Stirring up old conflict is seldom a bright idea. Especially when being in a state of conflict feels permanent, as it does, these days. So when an article that started out as an innocent enough portrayal of Satyajit Ray’s influence on Wes Anderson turned into a monumental trans-continental film conspiracy, nobody was more taken aback than I was. Still, there it was clear as day, the recurring theme that kept popping up during my research of Ray’s influence on western directors–allegations that Steven Spielberg’s science fiction period piece, ET, was in fact Ray’s brainchild. Ordinarily, I may have ignored this pattern of discourse, yet the sheer number of influential people in the cinematic world that had entertained serious questions on the subject, including the venerable Martin Scorsese, intrigued me.
I knew Ray was more than just a sci-fi enthusiast, having frequently contributed to the genre through his writing and sketches. However, I initially found it difficult to wrap my head around the idea of Ray coming up with a film script that could have strongly influenced the Hollywood film. Let alone one that seemed so ‘American’ at its core.

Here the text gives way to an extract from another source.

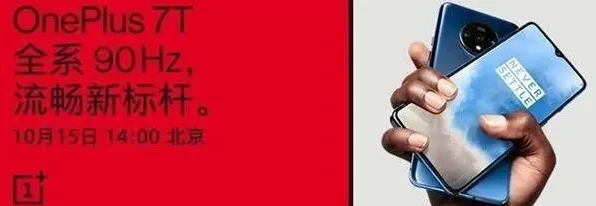 京东新品发布会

As a fan Ray’s I was surprised that I had never heard of this supposed scandal before. My mind started to conjure up images of a ninja arsenal of Colombia Pictures’ lawyers shooting poison darts from rolled up lawsuits at any writer who dared break the story on how Ray was robbed of his blockbuster from Bengal by Hollywood hacks. To my disappointment, this was not the case.
In truth, this story and the conversation surrounding is unknown to many for it has been mired in unresolved conflict ever since ET hit the screens on June 10, 1982. Ray died without making the science fiction movie he always dreamt of, and hearsay suggests Spielberg is still sour that one of his best films is considered by some to be plagiarism.
By the piecing together of information available to the public domain it appears, in Scorsese’s words, ‘dirty politics’ were a factor in this story; however, whether or not that allegation applies to Spielberg remains to be seen. But I digress. To get the full picture of this predicament, it is imperative to start with Ray’s love affair with science fiction.
A Lifelong Love Affair
Primarily known as a highbrow filmmaker, the likes of Akira Kurosawa, Martin Scorsese, and Wes Anderson all claiming to be serious fans, Ray’s writing (and illustrations/ graphic design) occupies less space in popular imagination. Nevertheless, much like his father and grandfather before him, Ray honed his skills as a wordsmith. In addition to his popular detective series, fronted by his popular sleuth character Feluda, he also wrote numerous sci-fi stories for Sandesh, a Bengali children’s magazine started by his own grandfather.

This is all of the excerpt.